Hello to everyone, hope your all doing well! Okay so i've got this assignment, which is probably going to be very straightforward to all of you, and i'm just going out of my brain trying to answer it (thats right not so smart in programming, but thats okay) So you would be doing a very good deed if you agreed to help the dazed and confused, who,i might add has the deadline due in 1 day...thank you very much for your time and effort!

the question is

Write a java application that allows a user to input a positive integer number that displays
a. the number of digits in that number
b. Sum of the digits in the number.
so lets say for example you enter 735, its consisted of 3 digits(which should be the output) and then find the sum 15, whish is also displayed...
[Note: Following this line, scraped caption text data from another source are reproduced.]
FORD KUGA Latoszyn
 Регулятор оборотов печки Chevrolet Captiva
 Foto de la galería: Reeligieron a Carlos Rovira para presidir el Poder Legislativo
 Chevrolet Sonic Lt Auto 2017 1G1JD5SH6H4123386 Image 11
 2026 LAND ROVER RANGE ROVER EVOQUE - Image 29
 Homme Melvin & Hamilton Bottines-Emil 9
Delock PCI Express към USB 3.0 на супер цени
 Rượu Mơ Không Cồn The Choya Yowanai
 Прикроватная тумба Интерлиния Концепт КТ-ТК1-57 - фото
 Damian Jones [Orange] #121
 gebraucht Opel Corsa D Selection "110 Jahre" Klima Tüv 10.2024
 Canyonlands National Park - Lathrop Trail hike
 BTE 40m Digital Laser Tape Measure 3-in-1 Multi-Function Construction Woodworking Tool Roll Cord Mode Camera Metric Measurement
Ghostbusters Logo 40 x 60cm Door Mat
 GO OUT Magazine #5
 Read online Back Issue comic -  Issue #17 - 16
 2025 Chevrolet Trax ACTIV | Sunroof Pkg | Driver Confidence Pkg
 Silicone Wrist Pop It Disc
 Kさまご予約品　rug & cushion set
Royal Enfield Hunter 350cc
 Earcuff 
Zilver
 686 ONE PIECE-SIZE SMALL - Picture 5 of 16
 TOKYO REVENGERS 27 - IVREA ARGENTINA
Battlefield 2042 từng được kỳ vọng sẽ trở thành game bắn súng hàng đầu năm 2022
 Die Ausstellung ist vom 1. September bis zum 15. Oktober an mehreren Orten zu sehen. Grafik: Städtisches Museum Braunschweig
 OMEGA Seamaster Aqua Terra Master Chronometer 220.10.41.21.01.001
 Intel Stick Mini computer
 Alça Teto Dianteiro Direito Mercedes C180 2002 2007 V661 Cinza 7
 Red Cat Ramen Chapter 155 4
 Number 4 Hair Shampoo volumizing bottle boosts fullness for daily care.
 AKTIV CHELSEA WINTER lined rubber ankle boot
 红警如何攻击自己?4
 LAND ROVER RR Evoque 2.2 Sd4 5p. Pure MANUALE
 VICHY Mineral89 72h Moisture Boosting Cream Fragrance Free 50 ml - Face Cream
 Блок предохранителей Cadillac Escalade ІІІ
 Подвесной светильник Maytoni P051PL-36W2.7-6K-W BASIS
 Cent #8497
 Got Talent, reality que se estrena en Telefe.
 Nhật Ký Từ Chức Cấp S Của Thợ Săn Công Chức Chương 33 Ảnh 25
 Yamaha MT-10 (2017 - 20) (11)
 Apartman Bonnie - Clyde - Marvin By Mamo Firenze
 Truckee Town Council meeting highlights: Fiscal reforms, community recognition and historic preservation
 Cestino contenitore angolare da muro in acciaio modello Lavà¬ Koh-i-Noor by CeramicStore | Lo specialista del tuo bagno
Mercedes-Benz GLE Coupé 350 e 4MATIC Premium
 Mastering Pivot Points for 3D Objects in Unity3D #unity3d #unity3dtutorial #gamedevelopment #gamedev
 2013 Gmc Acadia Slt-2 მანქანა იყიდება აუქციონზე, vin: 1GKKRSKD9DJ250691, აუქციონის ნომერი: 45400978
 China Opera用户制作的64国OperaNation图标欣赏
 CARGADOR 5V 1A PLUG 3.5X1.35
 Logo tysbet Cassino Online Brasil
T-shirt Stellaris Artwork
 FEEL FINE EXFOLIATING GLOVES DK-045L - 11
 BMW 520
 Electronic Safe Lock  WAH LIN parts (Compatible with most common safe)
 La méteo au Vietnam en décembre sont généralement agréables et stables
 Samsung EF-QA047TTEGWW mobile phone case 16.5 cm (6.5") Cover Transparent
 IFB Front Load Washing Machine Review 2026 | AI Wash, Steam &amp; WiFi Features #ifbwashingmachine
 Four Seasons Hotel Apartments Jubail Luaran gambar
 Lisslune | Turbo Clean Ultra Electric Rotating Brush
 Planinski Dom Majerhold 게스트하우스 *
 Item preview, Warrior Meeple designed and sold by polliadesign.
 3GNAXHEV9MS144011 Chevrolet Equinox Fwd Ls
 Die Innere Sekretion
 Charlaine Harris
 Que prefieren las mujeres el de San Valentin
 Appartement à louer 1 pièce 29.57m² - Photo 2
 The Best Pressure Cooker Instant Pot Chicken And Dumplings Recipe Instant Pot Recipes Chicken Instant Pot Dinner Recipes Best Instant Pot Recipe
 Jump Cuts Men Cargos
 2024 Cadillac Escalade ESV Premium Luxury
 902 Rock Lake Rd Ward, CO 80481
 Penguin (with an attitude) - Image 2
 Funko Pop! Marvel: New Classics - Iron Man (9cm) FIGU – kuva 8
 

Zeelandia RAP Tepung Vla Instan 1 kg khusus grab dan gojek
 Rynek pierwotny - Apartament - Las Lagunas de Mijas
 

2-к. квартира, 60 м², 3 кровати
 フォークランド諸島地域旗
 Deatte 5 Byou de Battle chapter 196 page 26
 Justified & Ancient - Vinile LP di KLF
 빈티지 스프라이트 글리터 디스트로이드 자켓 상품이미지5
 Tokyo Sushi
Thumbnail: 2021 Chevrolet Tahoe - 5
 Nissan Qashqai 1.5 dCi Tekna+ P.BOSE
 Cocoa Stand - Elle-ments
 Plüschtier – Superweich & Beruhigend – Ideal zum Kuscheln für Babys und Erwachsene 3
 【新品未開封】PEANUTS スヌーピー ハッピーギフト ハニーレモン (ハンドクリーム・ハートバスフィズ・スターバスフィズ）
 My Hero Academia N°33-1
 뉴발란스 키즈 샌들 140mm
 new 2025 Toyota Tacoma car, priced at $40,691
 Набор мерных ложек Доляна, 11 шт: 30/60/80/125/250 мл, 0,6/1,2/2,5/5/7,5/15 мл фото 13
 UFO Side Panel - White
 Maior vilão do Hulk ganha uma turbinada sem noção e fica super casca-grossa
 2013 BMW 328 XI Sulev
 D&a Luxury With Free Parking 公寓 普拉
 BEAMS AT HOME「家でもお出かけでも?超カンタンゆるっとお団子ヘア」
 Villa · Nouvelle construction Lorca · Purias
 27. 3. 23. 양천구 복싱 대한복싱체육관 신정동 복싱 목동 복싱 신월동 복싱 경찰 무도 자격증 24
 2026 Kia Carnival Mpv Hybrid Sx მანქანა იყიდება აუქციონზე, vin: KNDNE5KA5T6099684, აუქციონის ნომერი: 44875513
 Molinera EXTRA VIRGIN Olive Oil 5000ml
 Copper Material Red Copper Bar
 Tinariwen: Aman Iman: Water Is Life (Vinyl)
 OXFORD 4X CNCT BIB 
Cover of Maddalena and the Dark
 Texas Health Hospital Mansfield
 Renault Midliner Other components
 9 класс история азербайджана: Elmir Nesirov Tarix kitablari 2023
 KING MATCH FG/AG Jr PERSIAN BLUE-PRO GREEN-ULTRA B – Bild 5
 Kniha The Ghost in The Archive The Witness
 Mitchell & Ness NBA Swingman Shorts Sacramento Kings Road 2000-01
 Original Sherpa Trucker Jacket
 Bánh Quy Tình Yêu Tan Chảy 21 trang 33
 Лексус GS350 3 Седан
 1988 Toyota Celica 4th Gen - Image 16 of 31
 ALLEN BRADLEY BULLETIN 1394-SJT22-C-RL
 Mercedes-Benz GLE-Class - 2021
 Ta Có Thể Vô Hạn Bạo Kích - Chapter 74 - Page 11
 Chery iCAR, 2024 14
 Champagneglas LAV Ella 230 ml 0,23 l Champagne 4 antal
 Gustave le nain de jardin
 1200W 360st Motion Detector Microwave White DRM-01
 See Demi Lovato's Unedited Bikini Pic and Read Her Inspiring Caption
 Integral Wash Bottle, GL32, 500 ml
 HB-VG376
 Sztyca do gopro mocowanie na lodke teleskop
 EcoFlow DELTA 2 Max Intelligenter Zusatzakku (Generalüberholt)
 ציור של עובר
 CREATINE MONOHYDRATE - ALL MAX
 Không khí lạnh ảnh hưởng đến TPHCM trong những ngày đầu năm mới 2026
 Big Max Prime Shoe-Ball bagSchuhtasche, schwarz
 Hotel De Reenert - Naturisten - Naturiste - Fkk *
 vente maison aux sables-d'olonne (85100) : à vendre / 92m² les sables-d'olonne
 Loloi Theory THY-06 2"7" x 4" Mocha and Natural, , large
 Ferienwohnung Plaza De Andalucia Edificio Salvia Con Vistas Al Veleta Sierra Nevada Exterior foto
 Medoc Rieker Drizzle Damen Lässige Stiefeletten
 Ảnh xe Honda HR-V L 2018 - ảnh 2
SO any helpful ideas...thanks!

Why not just parse the number as a String, and then convert the string to a Character array.You should know what to do from there.

Here is a start:



import java.util.Scanner;

public class Digits
{
public static void main(String[] args)
{
Scanner scanner = new Scanner(System.in);
int num = scanner.nextInt();
Integer number = new Integer(num);
String numString = new String( number.toString() );
Character digits = new Character[numString.length()];

for(int i = 0; i < numString.length(); ++i)
{
digits[i] = new Character( numString.charAt(i) );
}
}
}

Wow, i didnt even know you could do that, i'm sorry it's only been a couple of days that ive been introduced to the java lang., so honesty, i dont even know what 'Char[] digits = new digits[numString.length()];' :confused: that means...perhaps theres an easier way, seeing that my professor hasnt gotten past chap. 3??
But thanks alot, ill try to read more, and TRY to figure it out, and figure out where your trying to get to, too

Okay, i'm really confused, we didnt even start on arrays yet, so with that i dont think the doc. is going to give us hmwk on something we didnt get to yet, know what i mean, yeah, so any other helpful 'simple' requests? 8-[

...

actually, no, i dont know it, we havent got there yet, but do you think its the only way? If it is, i geuss i can read up on it and check it out, but the thing is i'm not so good at independent study, especialy if its branching out with a bunch of other "need to understand inorder to understand this' kind of thing...like i said i've only had a cuople of days, so weve started with the basics, you know input output, the control structers, thats about it.

...

That would print 5 because there are 5 letters in the String.

Oh...well that doesnt seem too complicated, (score!!!), Thanks! \\:D/

Sorry to bother you Lster, (your awesome), but do you happen to have any idea how i might be able to add the digits in the inputed number, like the ex. you used, 12345, have it output 15, i'm sure a control structure is used, should the string.length be placed in a for loop or something(is that even permitted?)
ok, plz bear with me!

...

right...method i knew that. adding it is harder, great, i was waiting for that comment to come. I prefer the while, its alot less confusing, i think.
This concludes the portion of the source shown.